→ **Task to complete**
Starting with the line with "Wildgogo sac porte-animaux" in the entries below and going on through the line with "1幅艺术版画 | 可爱猫咪DJ播放黑胶唱片艺术版画", output every line exactly and nothing more. No pictures.

BEGIN Extracted entries

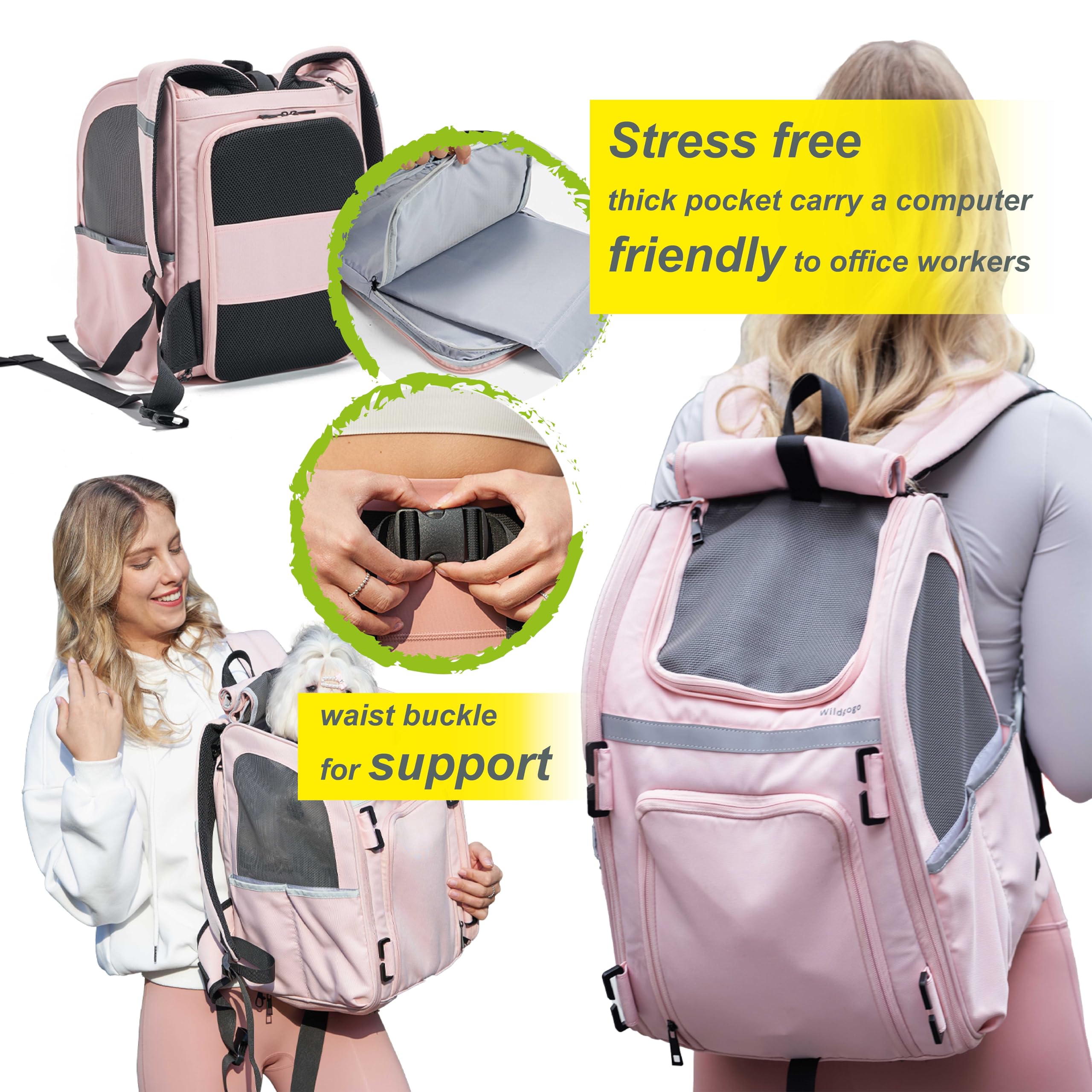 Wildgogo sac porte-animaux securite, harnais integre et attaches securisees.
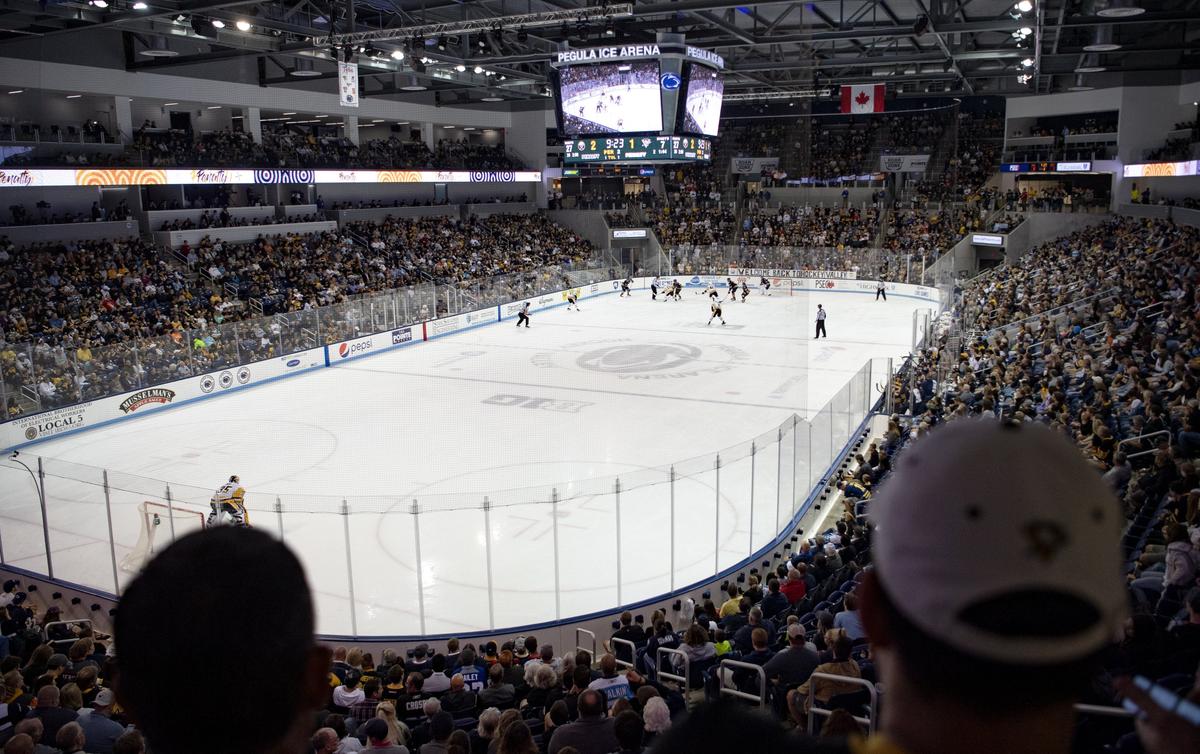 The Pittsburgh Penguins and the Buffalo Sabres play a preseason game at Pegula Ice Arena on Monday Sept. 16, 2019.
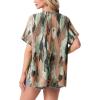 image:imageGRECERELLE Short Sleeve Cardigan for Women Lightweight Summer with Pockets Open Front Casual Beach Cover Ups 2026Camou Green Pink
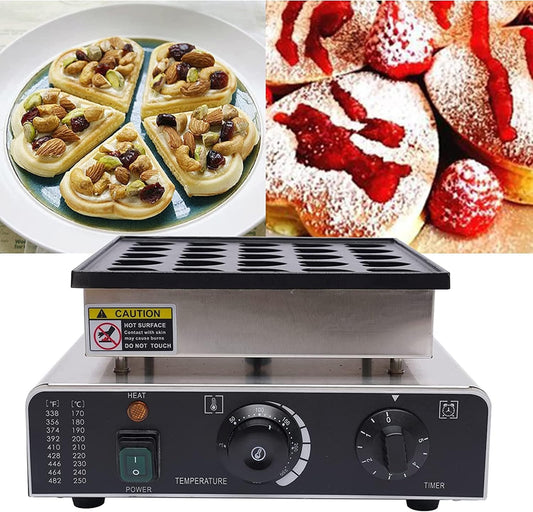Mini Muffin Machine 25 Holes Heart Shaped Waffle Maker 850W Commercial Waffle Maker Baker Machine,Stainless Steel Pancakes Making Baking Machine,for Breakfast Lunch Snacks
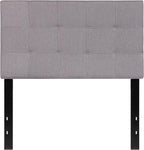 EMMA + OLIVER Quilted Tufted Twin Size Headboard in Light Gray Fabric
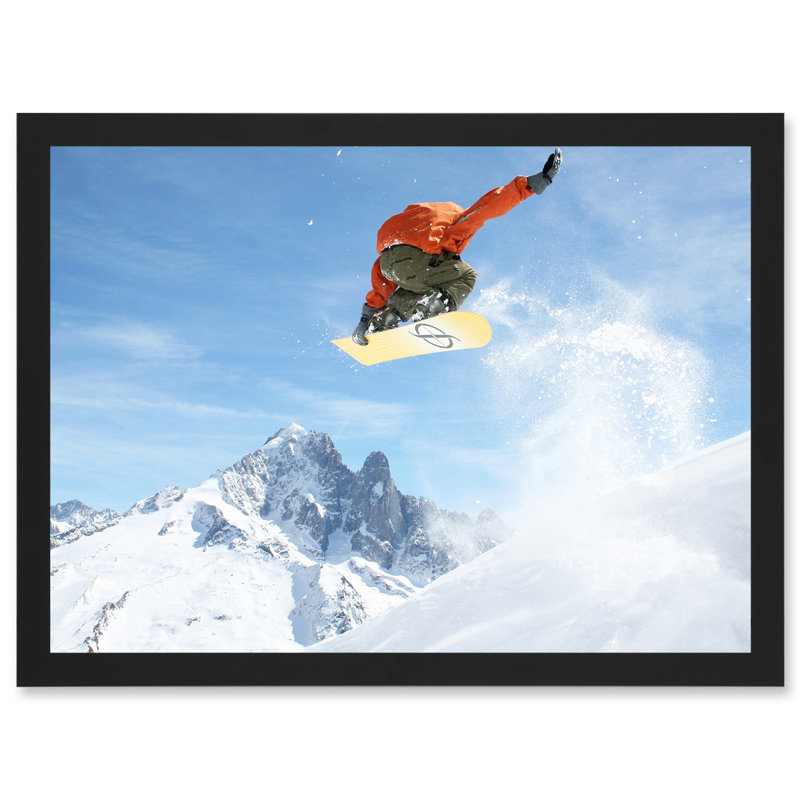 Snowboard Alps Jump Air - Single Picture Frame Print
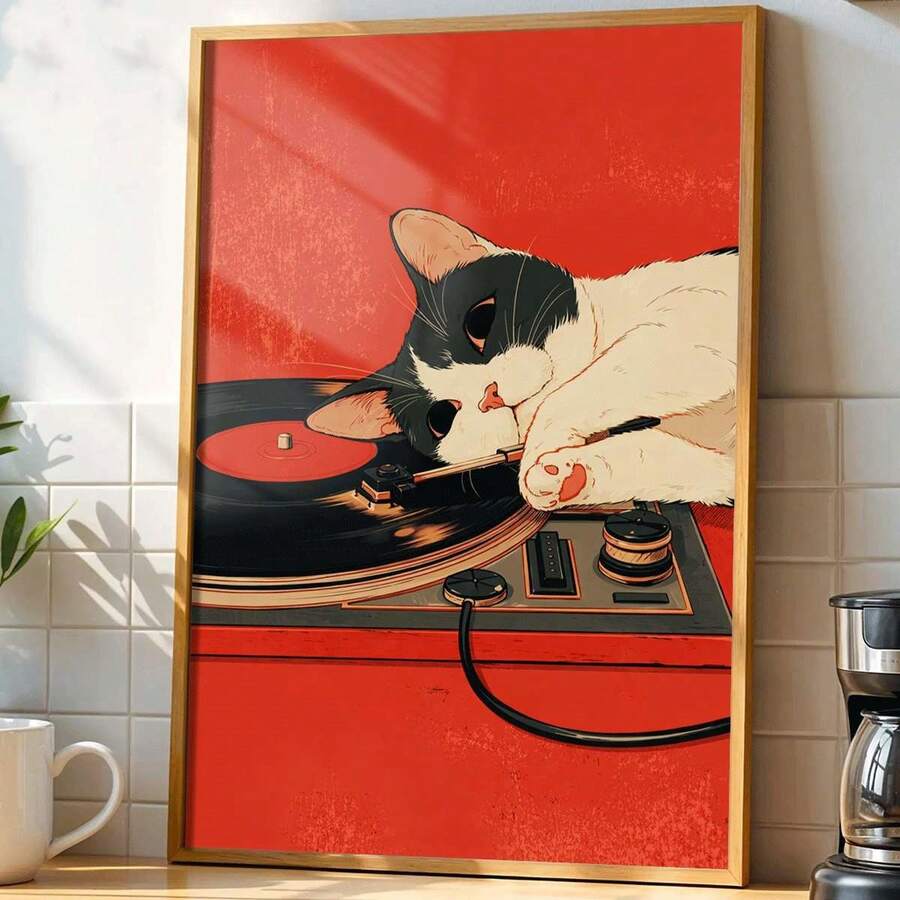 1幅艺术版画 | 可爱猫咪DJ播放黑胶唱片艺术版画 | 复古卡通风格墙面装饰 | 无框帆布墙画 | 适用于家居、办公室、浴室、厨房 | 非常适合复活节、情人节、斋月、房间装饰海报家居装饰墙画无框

END Extracted entries
BEGIN Extracted entries

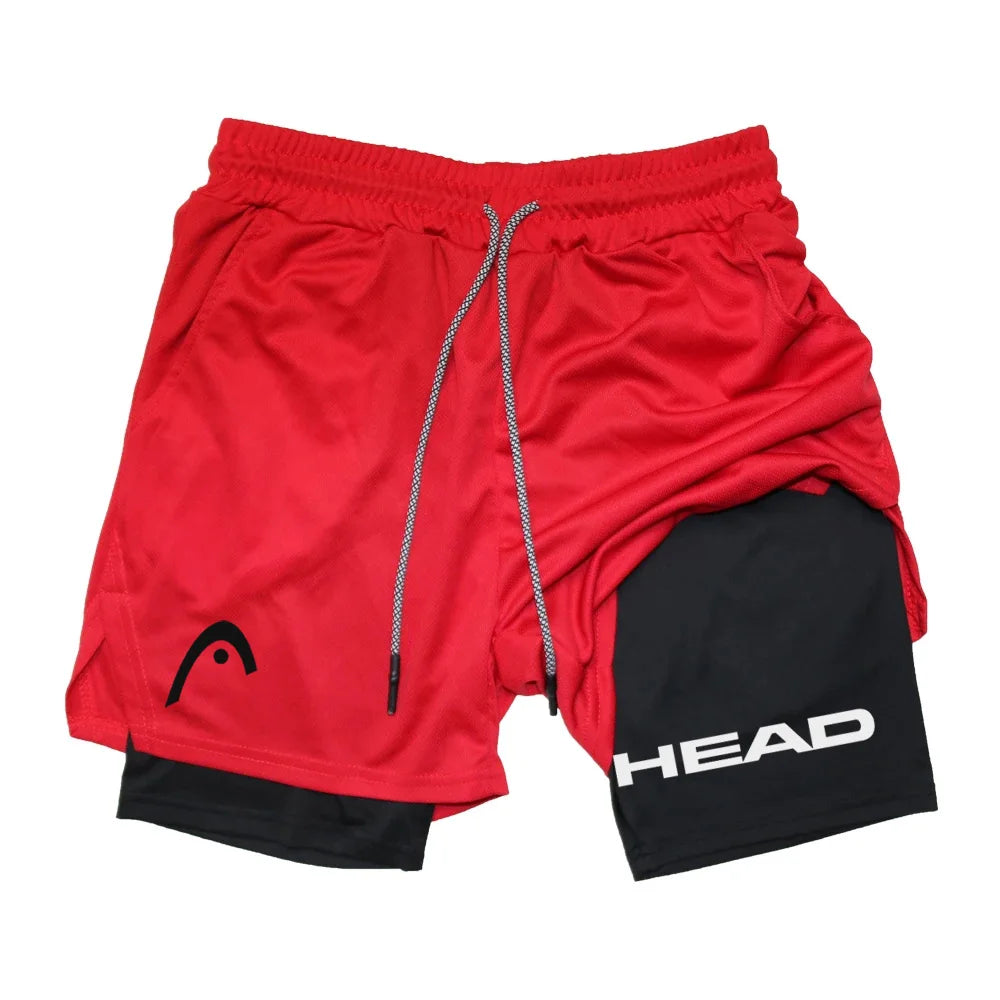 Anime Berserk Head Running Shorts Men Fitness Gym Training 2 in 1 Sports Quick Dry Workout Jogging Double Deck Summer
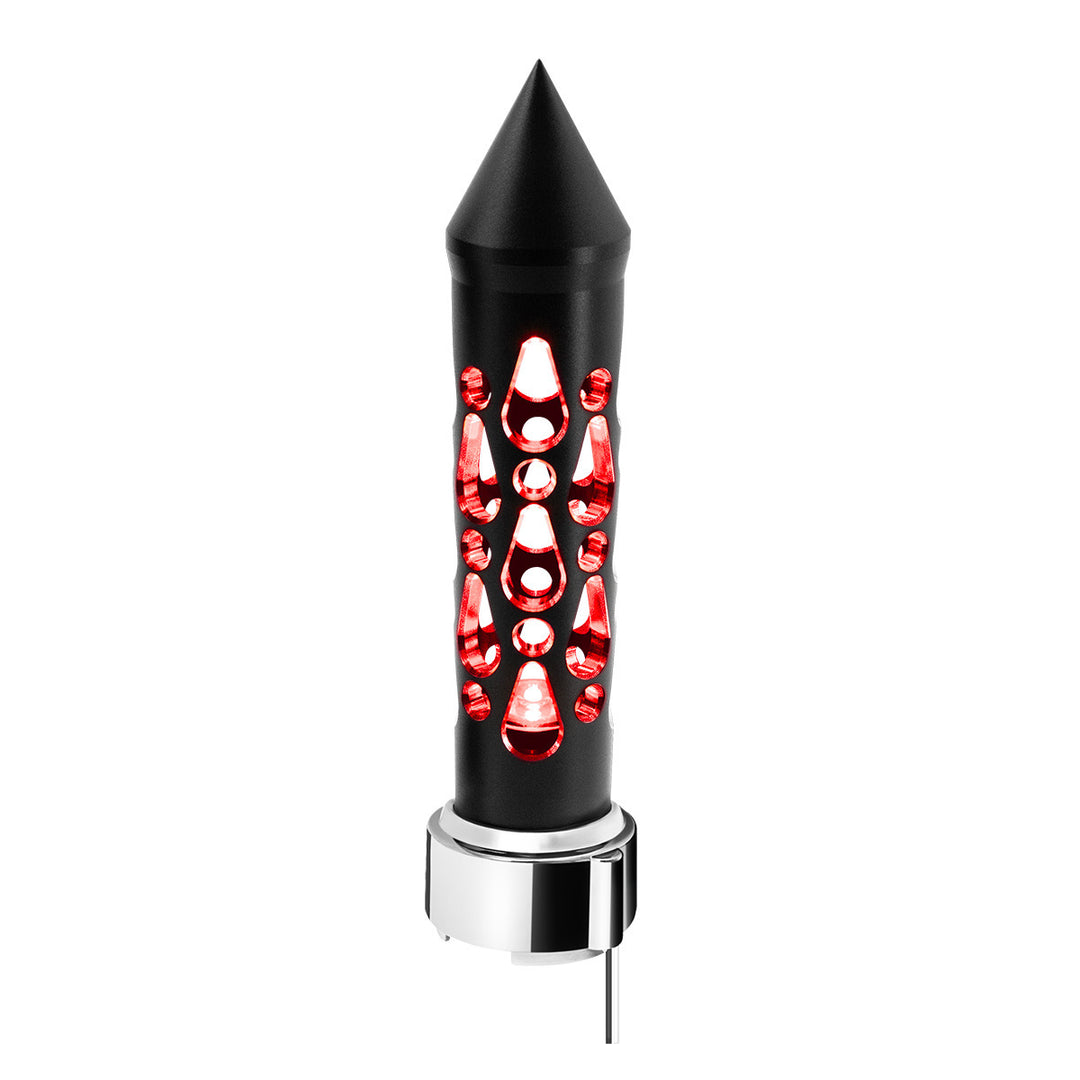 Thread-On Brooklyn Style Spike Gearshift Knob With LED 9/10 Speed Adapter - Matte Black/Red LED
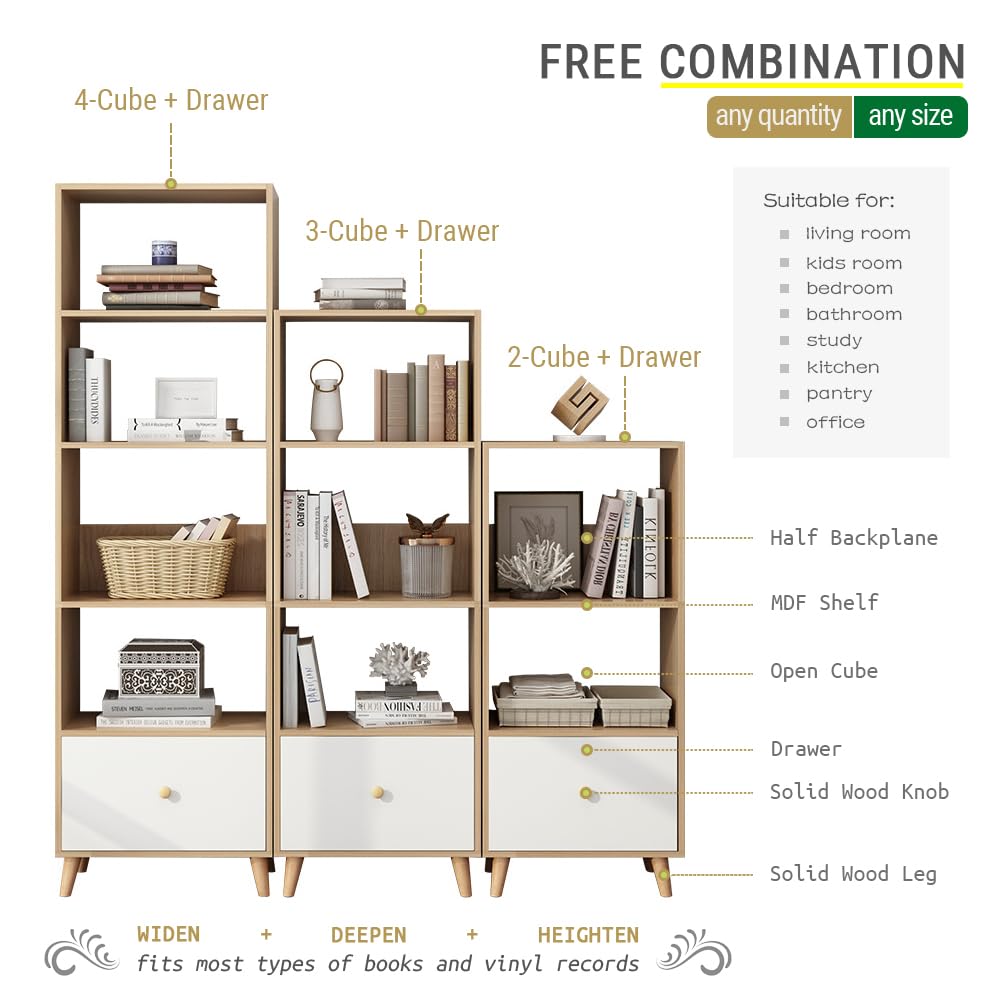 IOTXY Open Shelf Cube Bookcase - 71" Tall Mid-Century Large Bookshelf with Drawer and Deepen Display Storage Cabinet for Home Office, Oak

END Extracted entries
BEGIN Extracted entries

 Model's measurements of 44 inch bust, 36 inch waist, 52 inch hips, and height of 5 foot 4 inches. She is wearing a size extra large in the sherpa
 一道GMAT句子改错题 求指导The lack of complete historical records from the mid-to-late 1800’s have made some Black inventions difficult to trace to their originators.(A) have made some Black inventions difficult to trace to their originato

END Extracted entries

→ **Solved exercise**
 Wildgogo sac porte-animaux securite, harnais integre et attaches securisees.
 The Pittsburgh Penguins and the Buffalo Sabres play a preseason game at Pegula Ice Arena on Monday Sept. 16, 2019.
 image:imageGRECERELLE Short Sleeve Cardigan for Women Lightweight Summer with Pockets Open Front Casual Beach Cover Ups 2026Camou Green Pink
Mini Muffin Machine 25 Holes Heart Shaped Waffle Maker 850W Commercial Waffle Maker Baker Machine,Stainless Steel Pancakes Making Baking Machine,for Breakfast Lunch Snacks
 EMMA + OLIVER Quilted Tufted Twin Size Headboard in Light Gray Fabric
 Snowboard Alps Jump Air - Single Picture Frame Print
 1幅艺术版画 | 可爱猫咪DJ播放黑胶唱片艺术版画 | 复古卡通风格墙面装饰 | 无框帆布墙画 | 适用于家居、办公室、浴室、厨房 | 非常适合复活节、情人节、斋月、房间装饰海报家居装饰墙画无框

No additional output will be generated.